Question and Answer
New teacher evaluation regs mean more hours for principals
School Superintendents Tim Hayes of Geneseo, Scott Bischoping of Livonia, Michael Wetherbee of Wayland-Cohocton, Paul Alioto of Dansville, Robert Molisani of Caledonia-Mumford, and Dan Murray of York met with Livingston County News Editor Mark Gillespie and reporters Howard Appell and Sally Santora last week.
Issues of administration, staffing and finance were discussed with emphasis upon the new state mandate requiring classroom observation and teacher evaluation by the principals.
LCN: We received a call from a reader wanting to know why his school district is adding an administrator when it is eliminating teaching positions. We said we would be asking that question today.
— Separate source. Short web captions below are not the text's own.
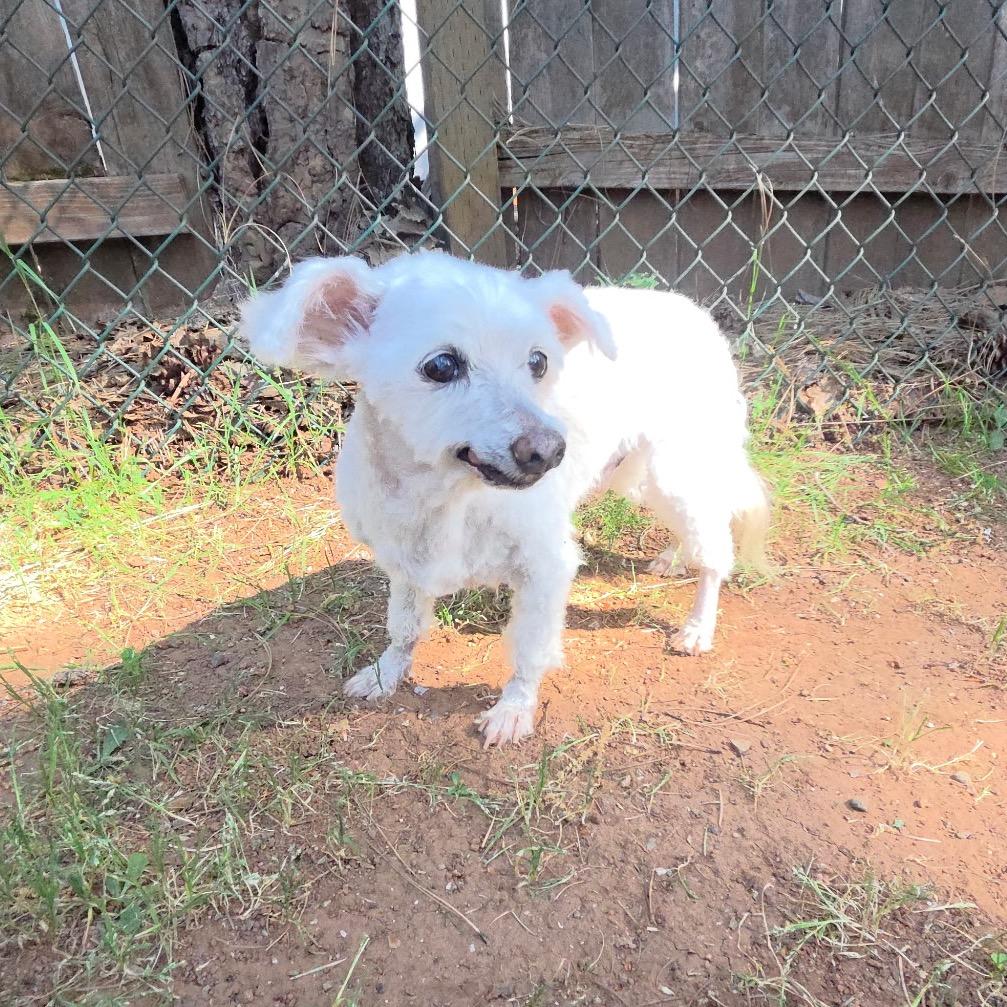 Enlarge Aku, a Adoptable Miniature Poodle in Chico, CA image 1/4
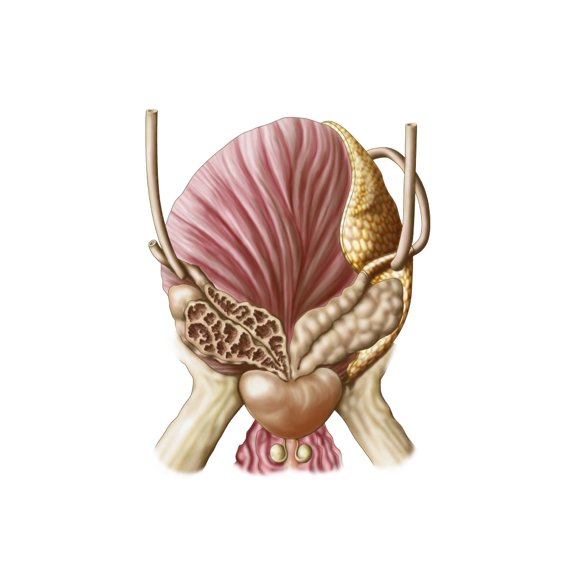 Posterior view of urinary bladder showing seminal vesicles Canvas Art - Stocktrek Images (16 x 13)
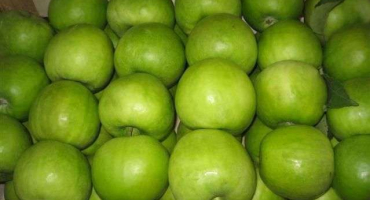 Popis a charakteristika plodných odrůd jabloní granny smith, pěstování a péče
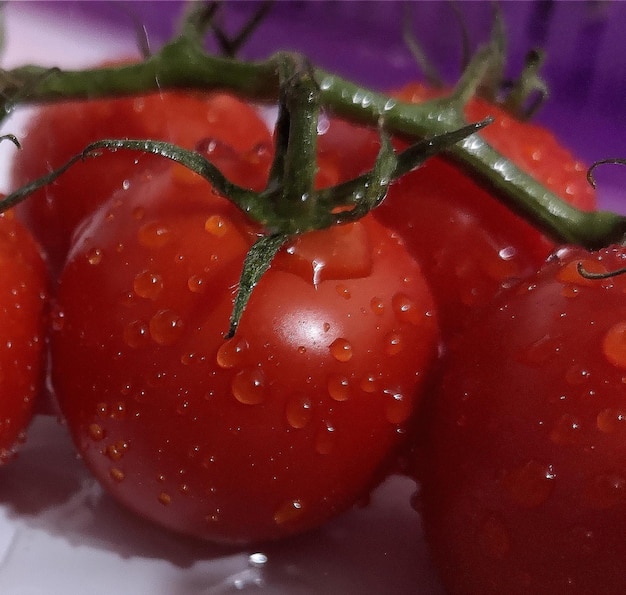 Foto close-up de frutas molhadas na planta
Hayes: The new evaluation requirements have greatly increased the amount of time principals are expected to be in classrooms. The state is now saying that 70 percent of a principal’s day should be in classrooms doing instructional supervision. The full requirement goes into place next school year, 2012-13.
But there are a lot of other duties in an administrator’s day that have to be done at some point: managing student behavior, working on curriculum, conversations with parents…
So the new requirement really creates a need for districts to look and ask, ‘How are we doing professional development? We [at Geneseo] are a $17 million a year business. For us not to have somebody whose main purpose is professional development makes no more sense than it would for a corporation of that size to not have research and development.
If 70 percent of the building principal’s time is going to be occupied with teacher evaluation, I would argue that we do need some [other] people — a curriculum coordinator or assistant principal — who are heavily invested in the [research and development ] part of our organization.
Bischoping: At one time we had ten administrative positions [at Livonia]. At this time we have seven-and-a-half. We did not fill retirements and made it work with what we had, but next year we will be restoring one of the full time positions. In terms of management, we need to have support in our elementary school in order for the principal to be able to meet the required piece of the professional performance review plan.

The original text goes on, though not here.